Columns to group spend by
- AWS Account Name = line_item_usage_account_name: we have multiple AWS accounts, so this was important for breaking down spend by each account
- AWS Service = product: e.g. EC2, S3. Note that this is a JSON field, so you’ll need to drill down to “product_name” to get the AWS service. Using Omni made it simple to parse the JSON field.
- AWS Region = product_region_code: e.g. us-east-1, us-west-2
- Cost Category = cost_category: if you set up cost categories as described above, they will be in this JSON field
If you have a data model, this is a good time to check and do some housekeeping to keep things clean. Things like renaming columns to be more legible, hiding columns that aren’t applicable, drilling down into JSON fields, adding measures, etc. In Omni, I can still analyze unmodeled data directly from Snowflake without doing this work, but as I go, I can make the information more usable for others.
Here are a few gotchas and tips I found while working through the data.
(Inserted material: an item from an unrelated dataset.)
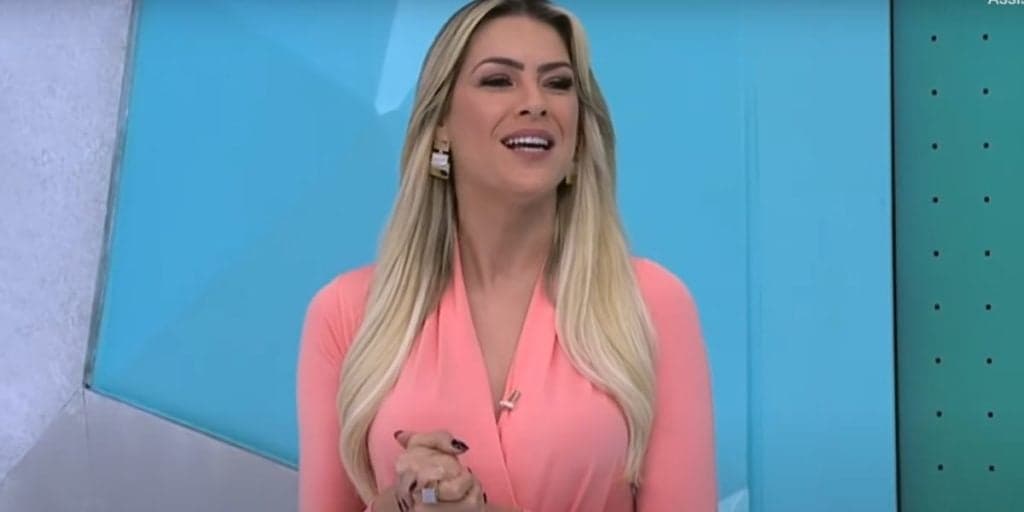 "O maior susto que a gente teve", Renata Fan interrompe Jogo Aberto e dá notícia urgente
Tips for working with the AWS data export
- Validation: While working through the data, I compared the results to the reports in AWS Cost Explorer to make sure that the totals matched up. This saved me a few mistakes (see the next few bullets) and gave me confidence that the data load was successful and that I was looking at the correct fields.
- Regions: Some resources aren’t associated with a region, so the region value may be “global” or blank in some cases. If you’re filtering by region, be careful and include global and blank when applicable.
- Time zones: I needed to set
convert_tz: false
on the date fields in the model to avoid timezone conversion and make sure the dates matched the AWS data. ** Note, if you’re trying to work with timestamps and time zones in different databases, check out these tips from my teammate, Jack.
With that, I was ready to build a dashboard. As a first pass, I built four charts:
- Daily Cost by AWS Service
- Daily Cost by Omni Environment
- Daily Cost by AWS Account
- Uncategorized costs (meaning no cost category was assigned)
To make sure I was continually monitoring for surprises or things we could improve, I set up a schedule to send the dashboard to my email every weekday at 9 am. This helps alert me if there’s a spike in our spending from the previous day, so I can dive in to see what’s going on before things get too expensive. I’ve already found a few situations where costs unexpectedly jumped, and this helped me address them long before the monthly bill came in.
In the future, I plan on diving deeper into the data we currently monitor and expanding to add new things to monitor. Exporting this data from AWS and exploring it in Omni also allowed me to combine the AWS data with the other data in our warehouse and get more insight into our AWS usage in the context of the company. Next up, I’m going to be digging into analysis like cost per tenant and how AWS usage changes after releases.